Achetez mon livre : La composition
|Si votre libraire tient bien sa boutique, elle doit toujours avoir en rayon La composition, le petit dernier de Michael Freeman. La version française, sortie de mon clavier à l’automne, a été publiée il y a un mois et demi. Et oui, j’ai une bonne excuse pour faire ce billet avec un peu de retard : j’étais en train de traduire son petit frère (oui, déjà !).

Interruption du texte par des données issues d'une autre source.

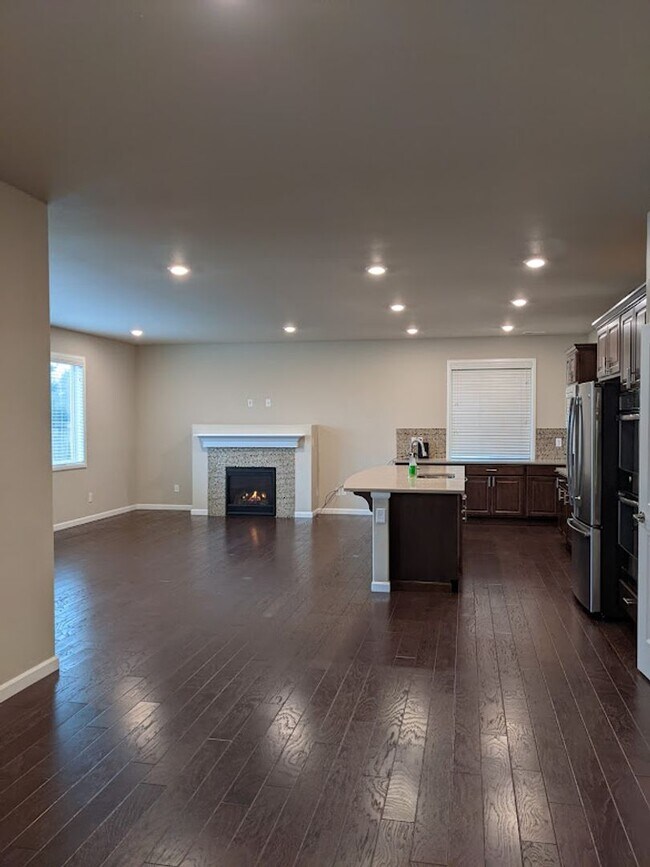 Building Photo - Northshore, Bothell, Millcreek 4 bedroom Home Special offer!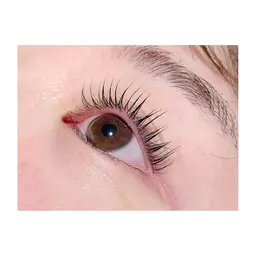 パリジェンヌ,まつげパーマ3週間以内限定♪¥4000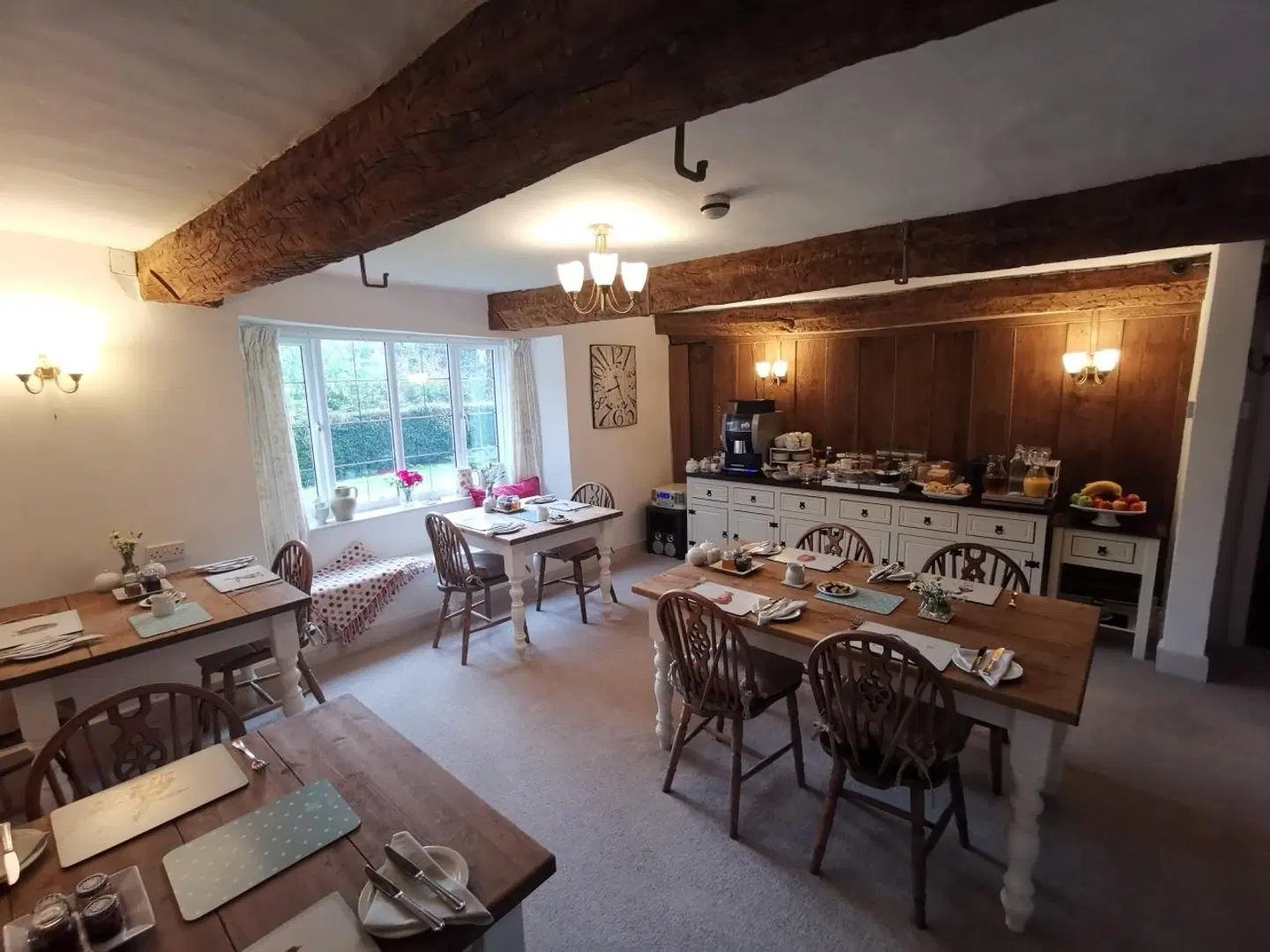 Steps Farmhouse Restaurant
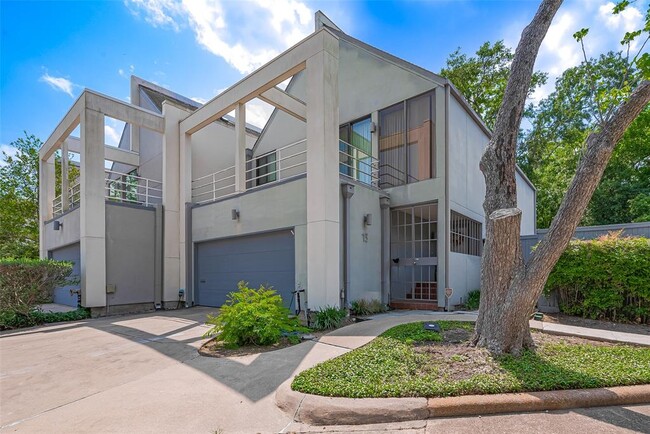 property at 15 Boulevard Green
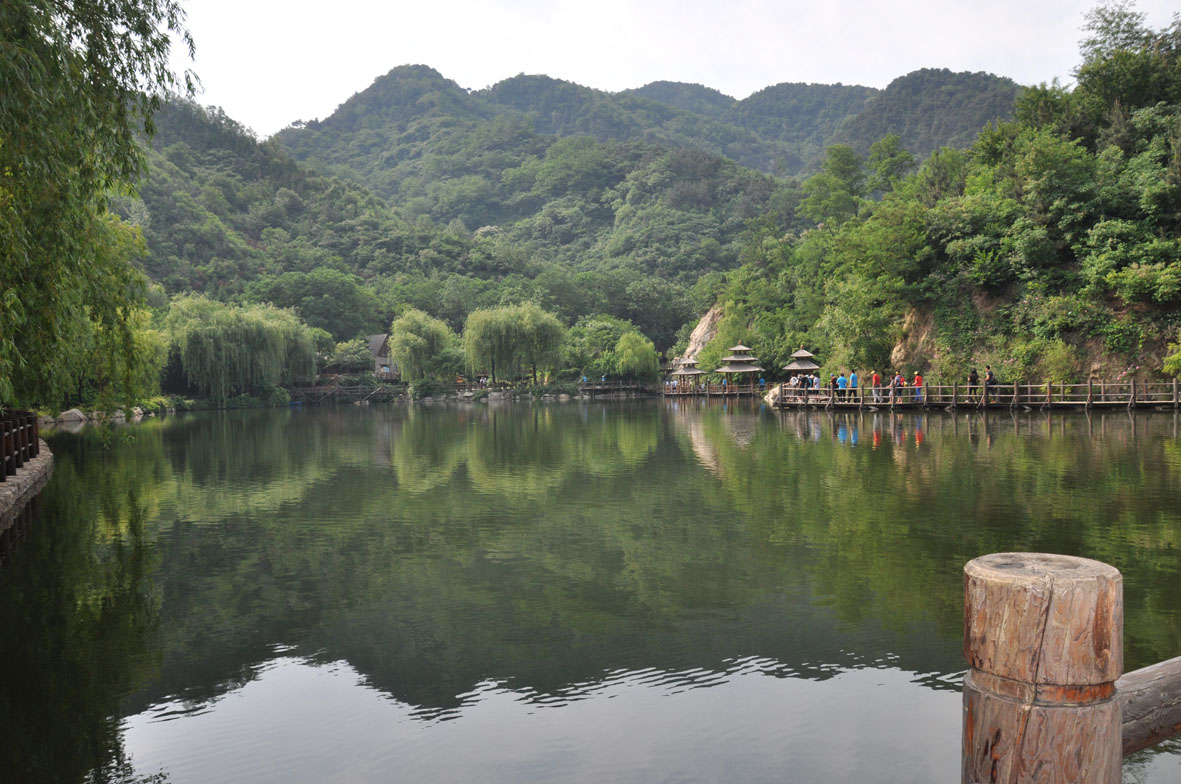 “步伐跟隨夢想，青春你我同行”——濟(jì)南市鴻慷機(jī)電設(shè)備有限公司端午節(jié)出游活動(dòng)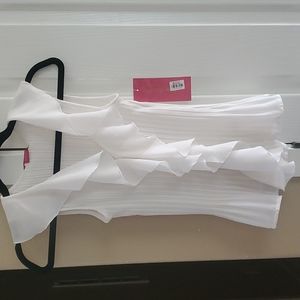 Beautiful white blouse with ruffle detail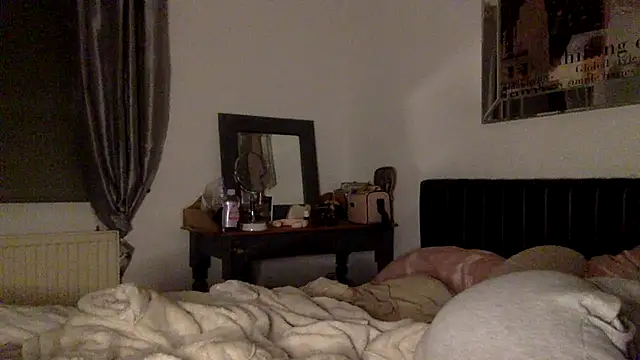 blissdimicco online show from January 27, 2025, 9:44 pm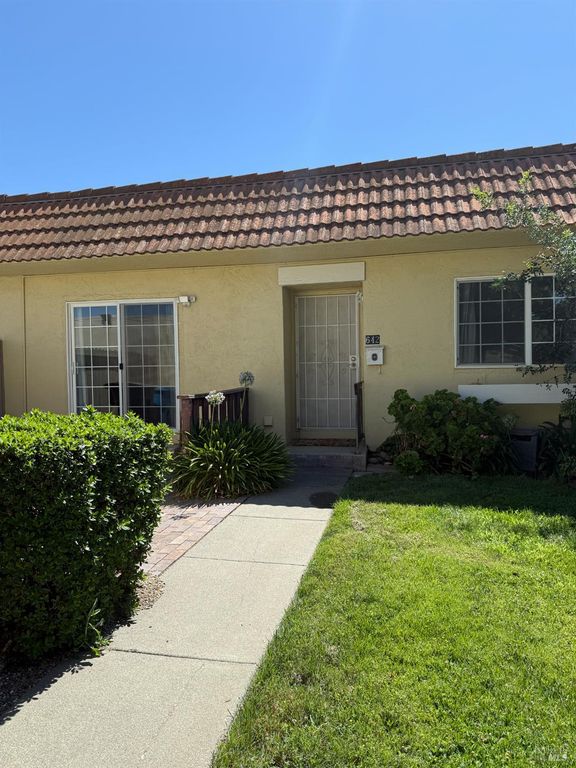 642 Yellowstone Dr, Vacaville, CA 95687
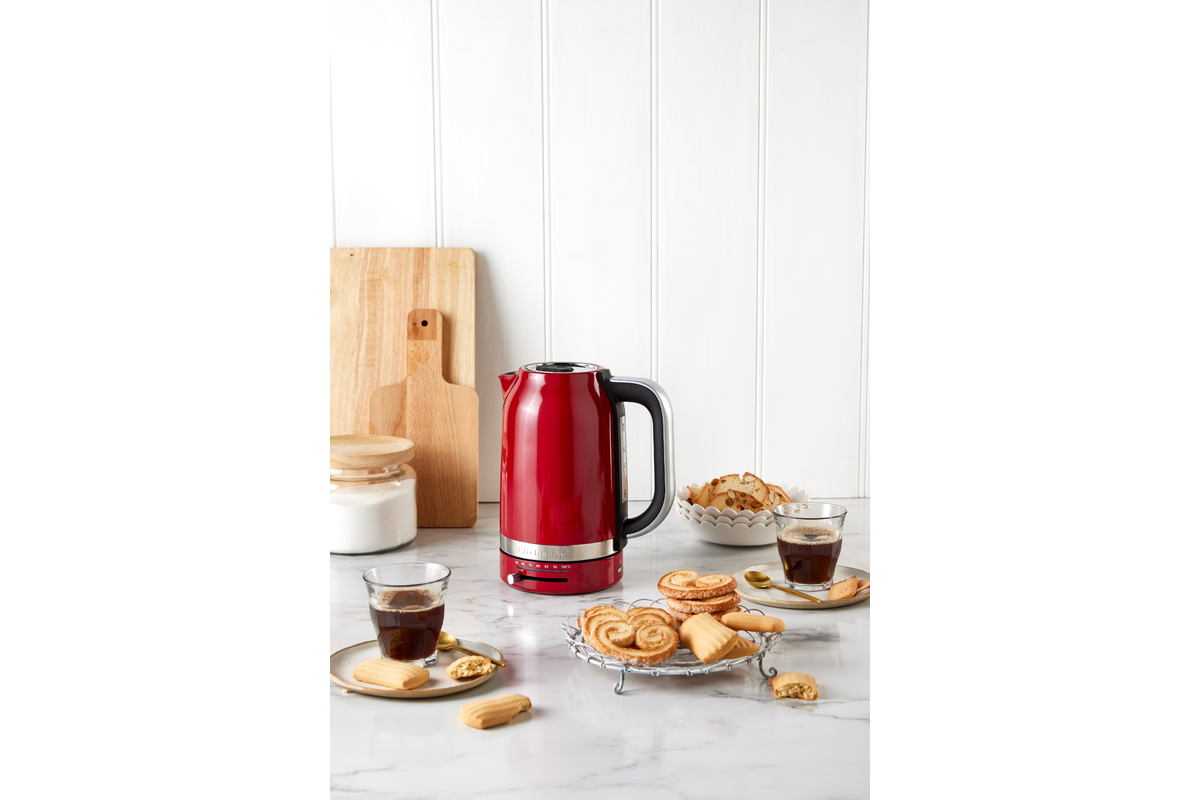 KitchenAid Kettle KEK1701 1.7L Kettle Empire Red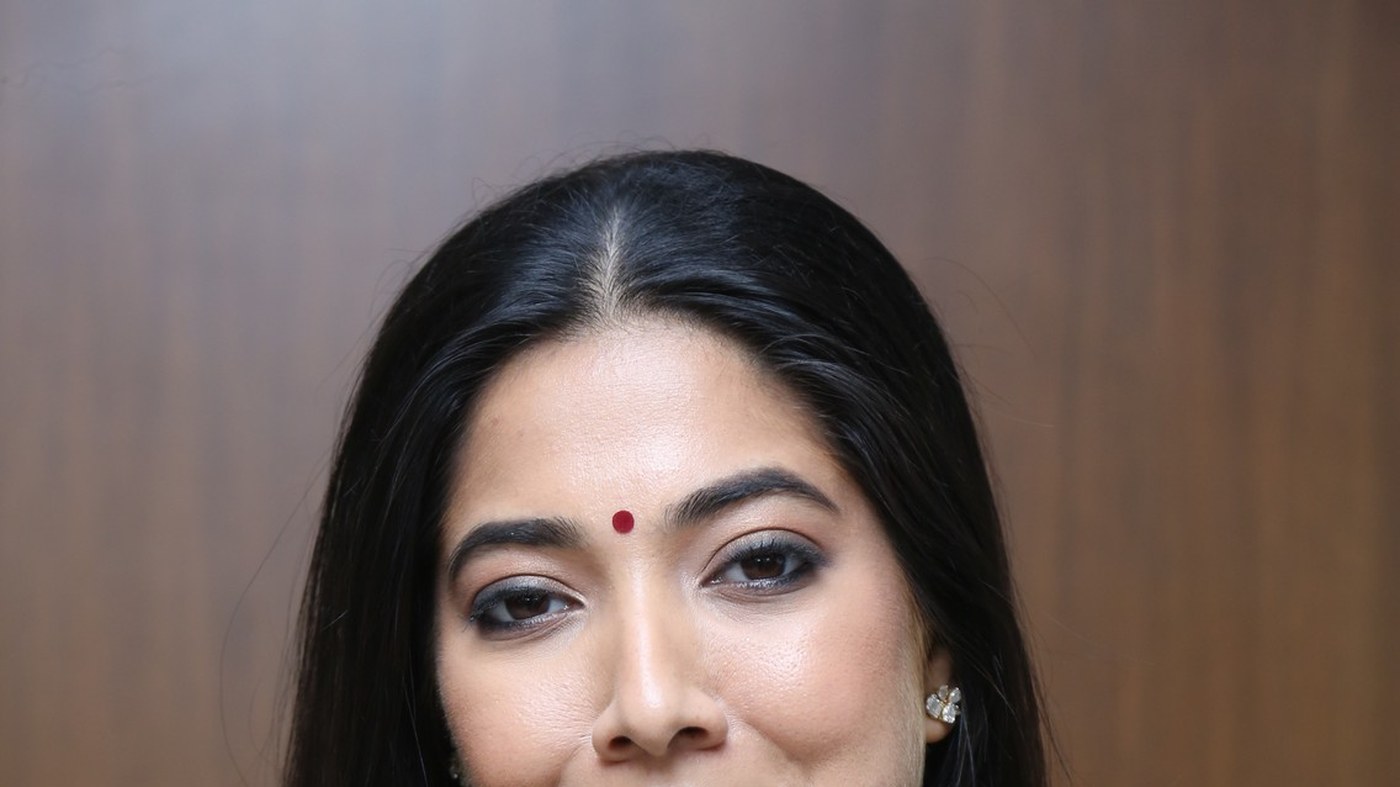 Pooja Sarathkumar HD Photos Latest Glamour Shots from Events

C’est que, sans trahir un secret, Michael Freeman n’est plus tout jeune. En fait, cela fait bientôt quarante ans qu’il publie des livres didactiques sur la photo – et bien entendu, il avait déjà un peu de métier avant d’écrire Photographier toute la nature. Il a depuis publié une trentaine d’ouvrages en français (plus quelques autres qui n’ont pas été traduits) et couvert tous les aspects de cet art. Il a donc estimé que le temps était venu de faire un tour complet du sujet en lançant une série de livres, comme autant de bilans de cinq décennies de pratique assidue de la photographie et de l’enseignement de celle-ci.
Pour ouvrir cette série, il s’attelle à la composition. Ce n’est évidemment pas la première fois qu’il évoque le sujet ; elle est en fait présente dans à peu près tous ses ouvrages, en particulier L’œil du photographe (Pearson, 2008), souvent considéré comme un incontournable, et l’homonyme de notre sujet du jour, La composition (Pearson, 2012). Il fait ici le tour du sujet, à commencer par ce qu’est la composition – la conception de l’image par le photographe, en quelque sorte – et à quoi elle sert. Il couvre naturellement les différents types de composition et leur utilisation en fonction du style d’image, la géométrie sous-jacente, ainsi que la nécessité parfois de casser les compositions classiques.
Il apporte aussi une touche d’originalité en faisant un lien constant entre la photographie et la peinture classique. Plus inhabituel encore : il a eu recours à un laboratoire équipé pour suivre les mouvements des yeux, afin d’étudier comment différentes personnes regardaient des séries d’images. Les résultats sont parfois rassurants, parfois surprenants, toujours fascinants, et si j’ai un regret pour cet ouvrage, c’est qu’il n’ait pas plus souvent détaillé l’impact de telle ou telle composition sur le trajet du regard du spectateur.
En tant que traducteur, j’ai trouvé les chapitres brefs et homogènes et le propos clair. La version originale souffre de phrases parfois un peu longues et de quelques répétitions, mais reste très lisible, et j’espère lui avoir rendu justice dans la version française. J’ai tout de même eu un doute : l’auteur introduit le terme de “design” en complément au classique “composition”. Fallait-il le traduire par “composition”, par “conception” ou laisser “design” ? J’ai choisi de parler de “conception” pour la partie la plus philosophique et de “composition” pour la composition au sens photographique habituel. C’est forcément un choix discutable, et je suis curieux de voir comment il sera perçu.
Sur le plan physique, Eyrolles a travaillé à son habitude, avec un papier satiné bien opaque et un assemblage soigné. La couverture souple avec rabats donne une bonne sensation de qualité, sans naturellement atteindre les sommets des couvertures rigides des duChemin ou du précédent Freeman. Tout au plus peut-on regretter une trame un peu visible sur certains tons homogènes.
Pour résumer, l’ensemble est parfois un peu austère, mais c’est une étude complète et précieuse pour quiconque veut comprendre la photographie – ce qui est essentiel pour sa propre pratique. Cet ouvrage est bien parti pour faire partie de ces “livres-sommes” auxquels on vous renverra régulièrement et où vous redécouvrirez des choses de temps en temps. Et comme je viens de finir la traduction du deuxième tome, qui parlera de la lumière, je peux vous dire que cette nouvelle série de “masterclass” de Freeman se présente bien.